犬と猫の歯周病について|ご家庭でのデンタルケアが重要
- 2024年3月13日
- 病気について
歯周病は、歯垢の中の細菌(歯周病原生細菌)が歯周ポケット内で増殖する結果生じる、歯周組織の炎症性疾患です。
3歳以上の犬の約80%、同じく猫の70%が歯周病にかかっていると言われており、単なる口内の問題にとどまらず、全身に様々な健康問題を引き起こす原因となることもあります。
今回は犬と猫の歯周病について、症状や治療方法、予防方法などを詳しく解説します。
■目次
1.原因
2.症状
3.診断方法
4.治療方法
5.予防法やご家庭での注意点
6.まとめ
原因
犬と猫の歯周病の主な原因は、歯垢の中で増殖する歯周病原性細菌です。

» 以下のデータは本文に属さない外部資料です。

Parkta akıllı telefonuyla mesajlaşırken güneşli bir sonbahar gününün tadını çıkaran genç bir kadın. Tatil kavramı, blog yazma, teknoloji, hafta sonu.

これらの細菌は、食べカスや唾液中の成分をもとに歯垢を形成し、それが石灰化することで歯石に変わります。
特に犬や猫の場合、歯垢が歯石に変わるまでの期間が人間と比べて、わずか3日と極めて短いため、予防と定期的なケアが非常に重要です。
また、免疫力低下や栄養状態、ストレスといった環境因子も、歯周病の発生に影響を及ぼします。
症状
歯周病にはいくつかの種類があり、初期段階では歯肉炎から始まり、進行すると歯周炎に至ります。
歯肉炎は歯肉の炎症を伴うため、赤みや腫れ、出血、口臭の増加を引き起こします。
歯肉炎を放置すると歯周炎に進行し、歯肉だけではなく歯槽骨や周囲の組織にまで炎症が及び、歯がぐらつく、歯が抜け落ちる、歯肉から膿が出る、強い口臭がするなどの症状が現れます。
診断方法
診断は、歯肉の状態、歯周ポケットの深さ、歯肉や歯根膜の状態などに注目して評価します。
正確な診断のためには、全身麻酔下での口腔内検査が必要です。なお、全身麻酔をかけずに検査を行うと、動物が暴れてしまい、口腔内の状態を正確に把握することが困難になってしまいます。
また歯周病の進行状態によっては、口腔内X線検査を用いて歯根や歯槽骨の状態を詳しく調べることもあります。
治療方法
歯周病の治療は、主に歯垢と歯石の除去(超音波スケーリング)から始まります。
このクリーニングは通常、大きな音と痛みが生じるため全身麻酔下で行われ、超音波スケーラーを使用して歯石を取り除きます。
具体的には、歯肉の下にある深い歯石の除去、感染した歯肉組織の除去、歯がぐらついている場合は歯の抜歯が必要となることもあります。
また、歯肉切除術(歯周炎になって形成された深いポケットを除去する目的で行う手術)などの外科的処置が行われることもあります。
治療後は、歯面研磨(ポリッシング)を行い、歯の表面を滑らかにして再び歯垢が付着しにくくします。
予防法やご家庭での注意点
歯周病の予防には、ご家庭でのデンタルケアが最も効果的です。若齢時からの歯磨きの習慣づけが重要ですので、お口周りや歯に触られることに慣れさせる練習が大切です。
また、硬いものを噛むことで自然に歯垢が落ちやすくなるため、ウェットフードよりもドライフードの方が歯周病になりにくいと言われています。
そして定期的な動物病院での口腔検査も、歯周病の早期発見に役立ちます。
まとめ
犬と猫の歯周病は、適切な予防とケアによって大きくリスクを減らせます。日々の歯磨きや定期的な口腔チェックは、愛犬や愛猫が健康で快適な生活を送るために不可欠です。
歯周病は単なる口内の問題ではなく、全身の健康に影響を及ぼす可能性があるため、ペットの口腔ケアにも十分注意を払いましょう。